To plot these data as a percentage of time 0, we need to set up a little formula that divides this cell by itself and then multiplies it by a hundred to give us the hundred-percent. Then, the second formula down is this cell divided by this cell multiplied by a hundred and then this cell multiplied by this cell, creating a series of percentages that show a percentage of our zero time point for subject one.

To do this, you need to enter the formula into a pre-prepared little space. You type in equals and click on that cell. The best thing to do is actually put these in brackets first, which makes life a little bit easier for the maths. Then, you select d6, divide it by D, and type in dollar six, which limits you to row number six.

Next, you multiply it by a hundred to give you a percentage and hit the Return button. You can copy this down to the next cell by clicking on the box in the corner and expanding. The second cell will also have the D dollar six in the formula, so it is still referring to d6. You can then click on that cell and drop that down all the way to the bottom.

You can then do the same with cell number two, type equals open parentheses the cell divided by e dollar six and then multiply that by 100. You can make life easy for yourself by then just dragging that across all the way and then dragging it all the way down.
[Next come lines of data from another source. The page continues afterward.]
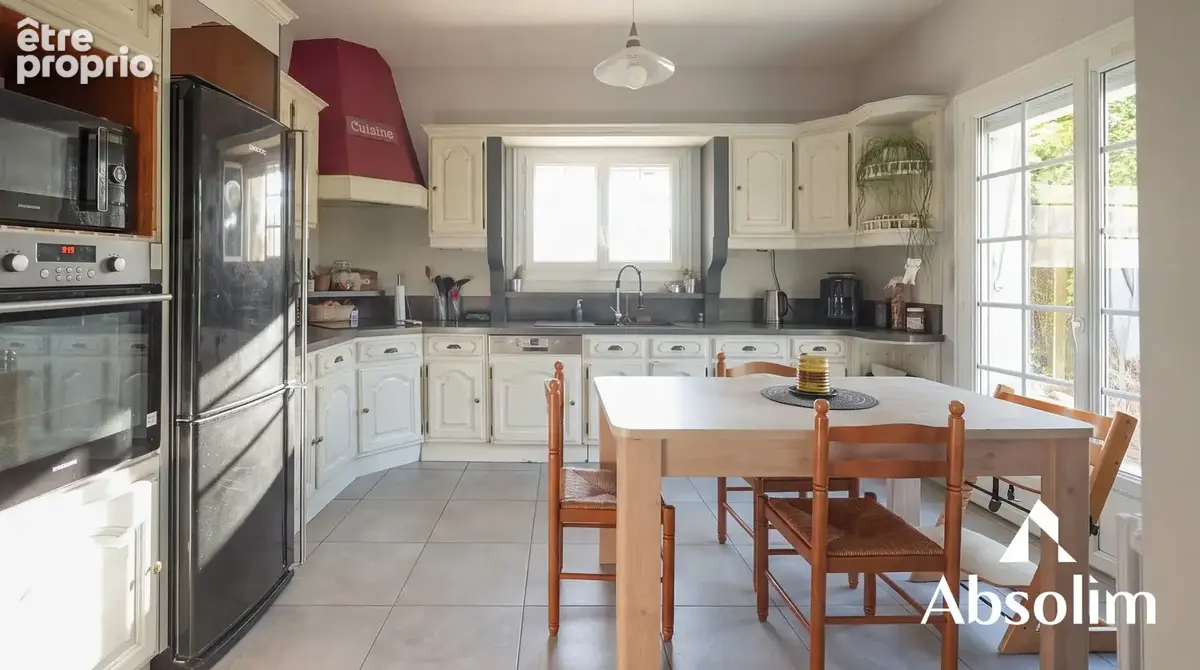 Maison 7 pièces 205 m² à vendre à Vivy (49680) - photo 6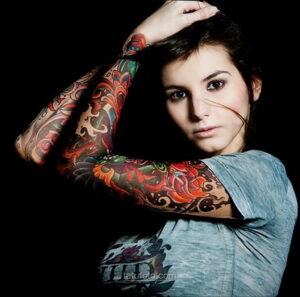 Фото женского цветного рисунка тату 09.01.2021 №1460 -color female tattoo- tatufoto.com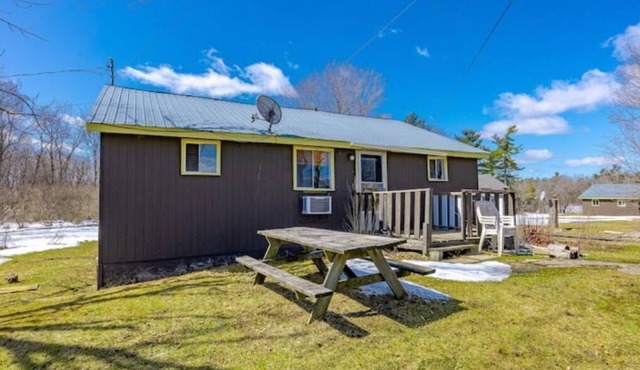 Spacious Lakefront Loft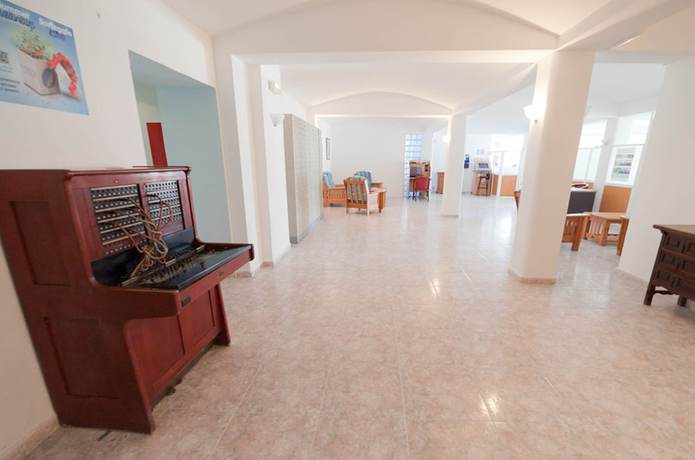 Imagen de los interiores del Apartahotel Vibra Del Mar - Adults Only. Foto 17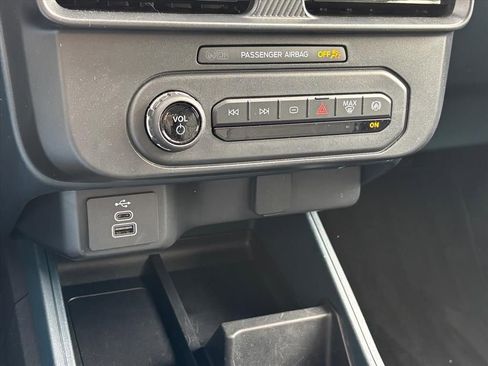 Used 2025 Ford Maverick XL image 18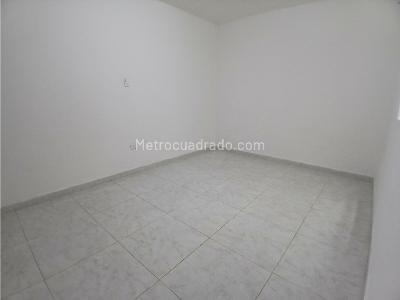 Casa de 4 alcobas en arriendo en Belén, Medellín, 190 m² · foto 5 de 16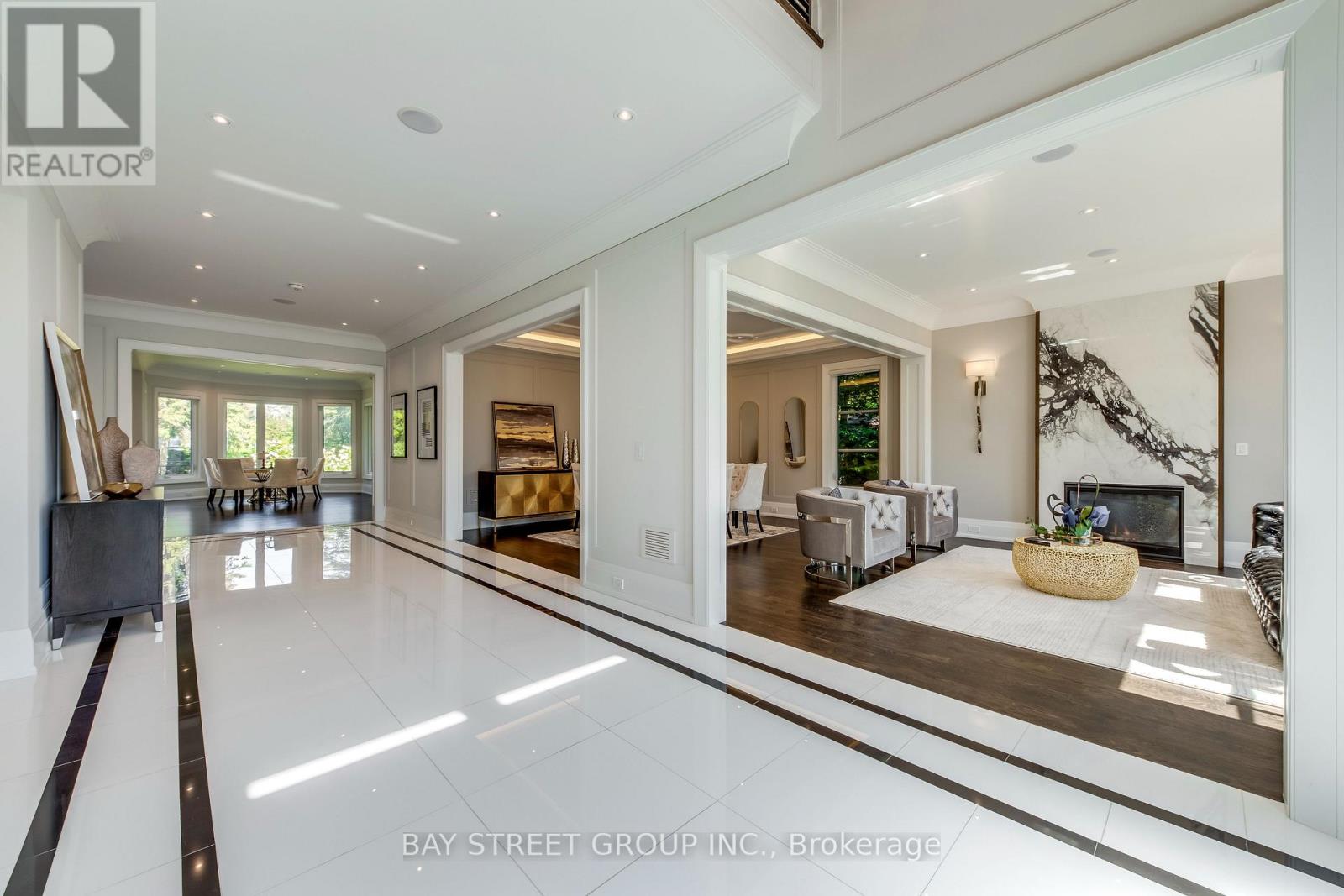 38 Kirk Drive, Markham, Ontario  L3T 3L1 - Photo 8 - N12492016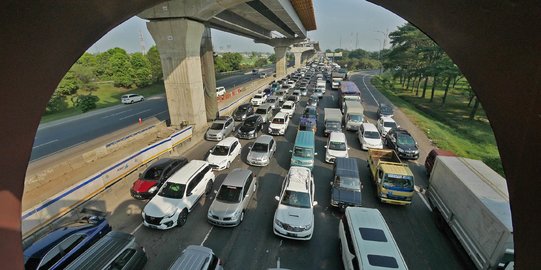 Kenaikan Tarif Tol Jakarta-Bandung Diminta Hanya Untuk Kendaraan Pribadi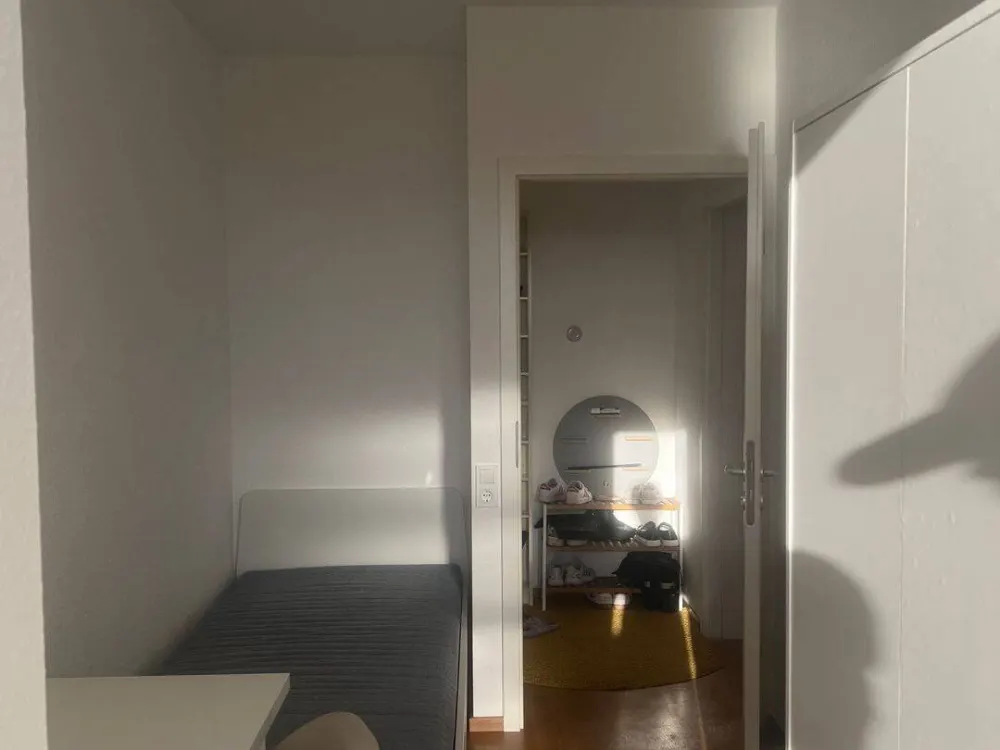 NEW/ Neu: 2 Zimmer in 6er Frauen WG/shared Flat im Herzen Frankfurts mit Ausblick auf den Taunus??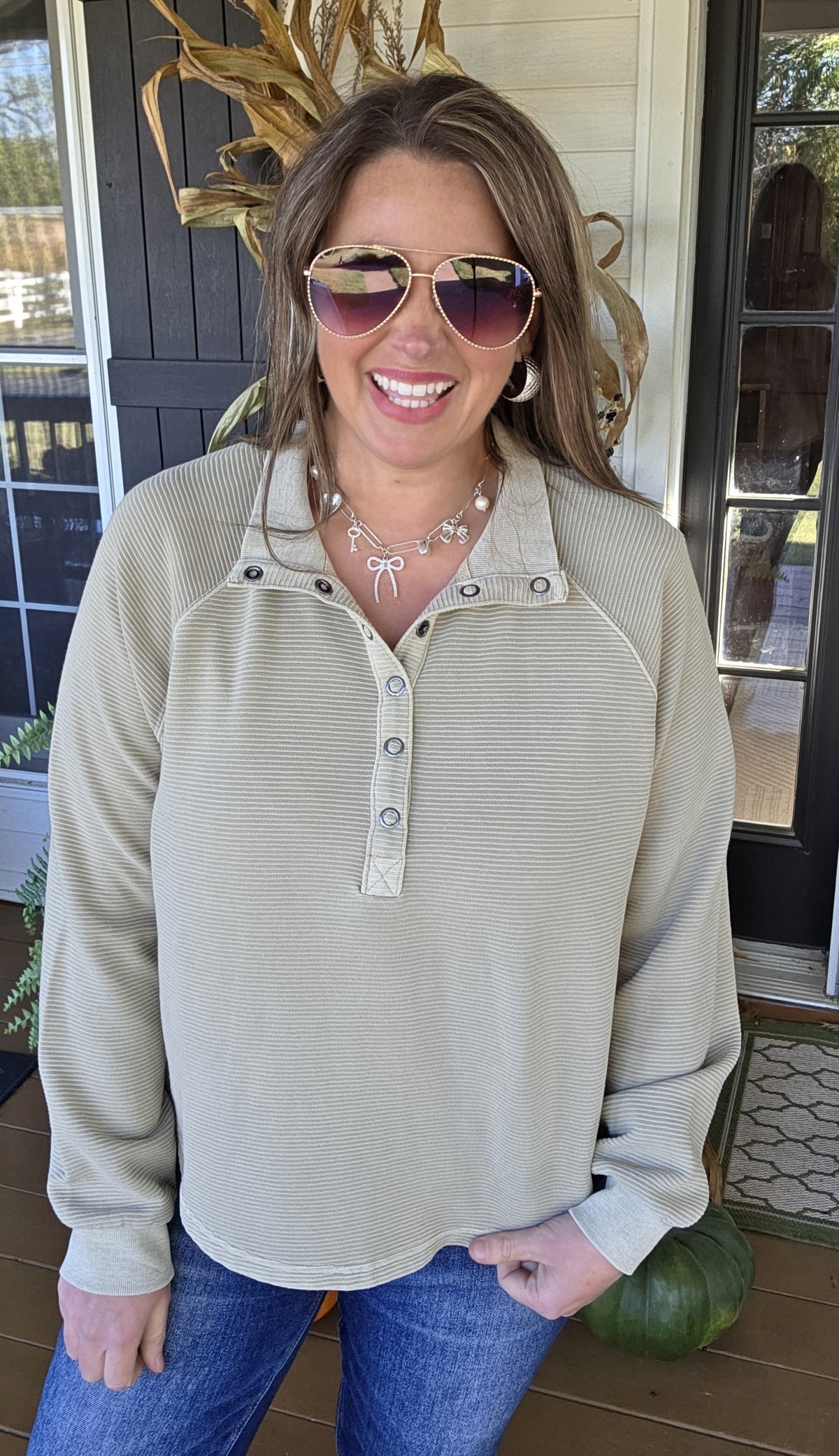 MOCHA HORTIZONTAL RIB TEXTURED SNAP BUTTON TOP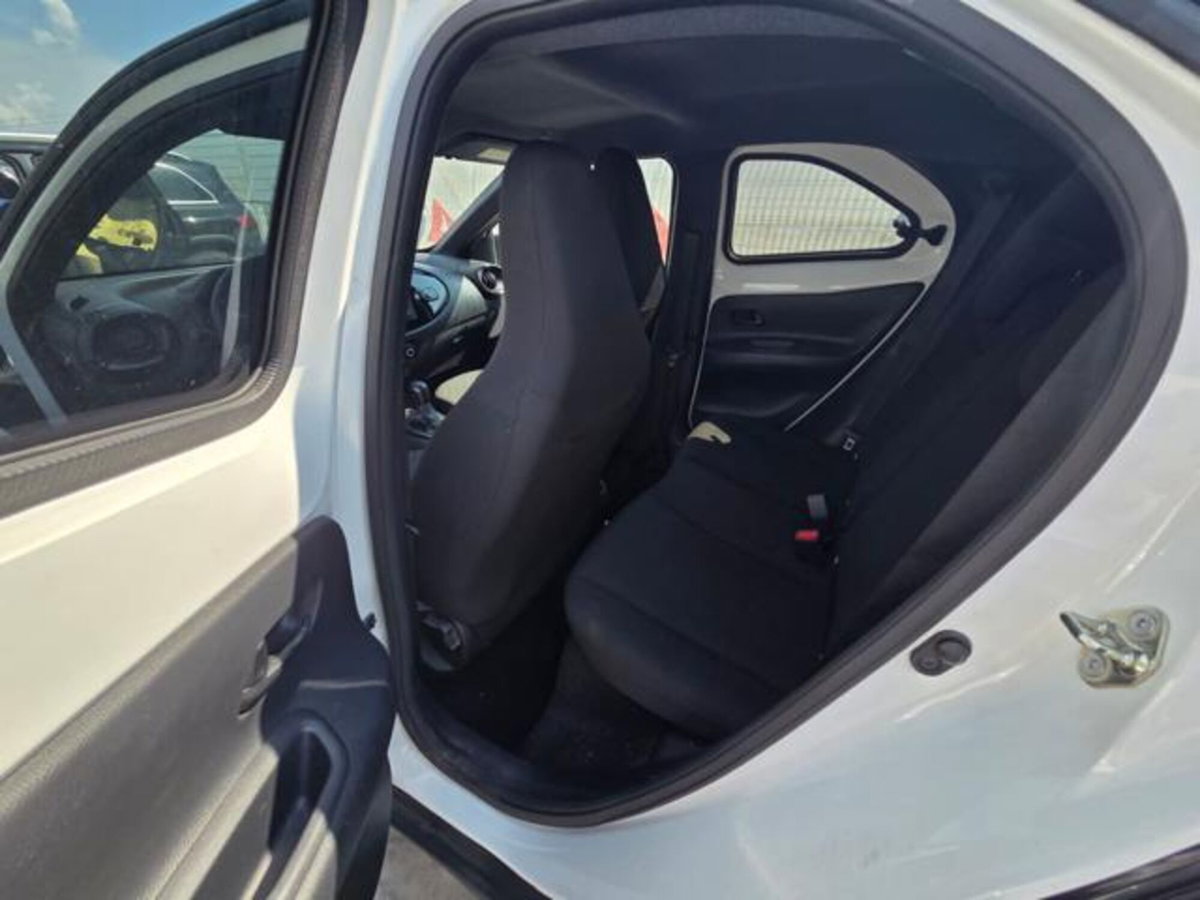 Toyota Aygo X 1.0 VVT-i 72 CV 5p. Undercover S-CVT (12)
You will get a replica of your data there, and you can move the decimal places so it looks a little bit easier on the eye and reduce the decimal places our standard deviation just so you can compare them.

What you have now is a data set where the standard deviation of your times zero is zero because they’re all 100% of themselves. This is one of the reasons why I’ve neglected to put these data on this graph because we don’t really want to show the hundred percent with no variation because all the subjects are a hundred percent of themselves.

Now you can see the data go up and peak at three minutes and then fall down and trough back at six minutes. You might want to expand your graph to fill this zero time point so you can click on your graph and bring that up to show time point zero as well just for continuity sake. You can now see that we’ve plotted a very similar data set with the mean number looking the same shape as it was in the group data, but now all of these individual data points are plotted, shown as a percentage of their own time zero.

There’s also another way of doing this, which would be all the numbers as a percentage of the average of time zero, but given that we have quite a high variation in our baseline, you wouldn’t always want to choose this method. If you’re doing the correct analyses, for instance, if you’re doing a two-way or one-way ANOVA with this data set, you might well pick up differences between the groups without needing to show it graphically.

However, it’s worth being aware that normalizing data isn’t always the right thing to do, but it’s a very simple math that may help you understand your data.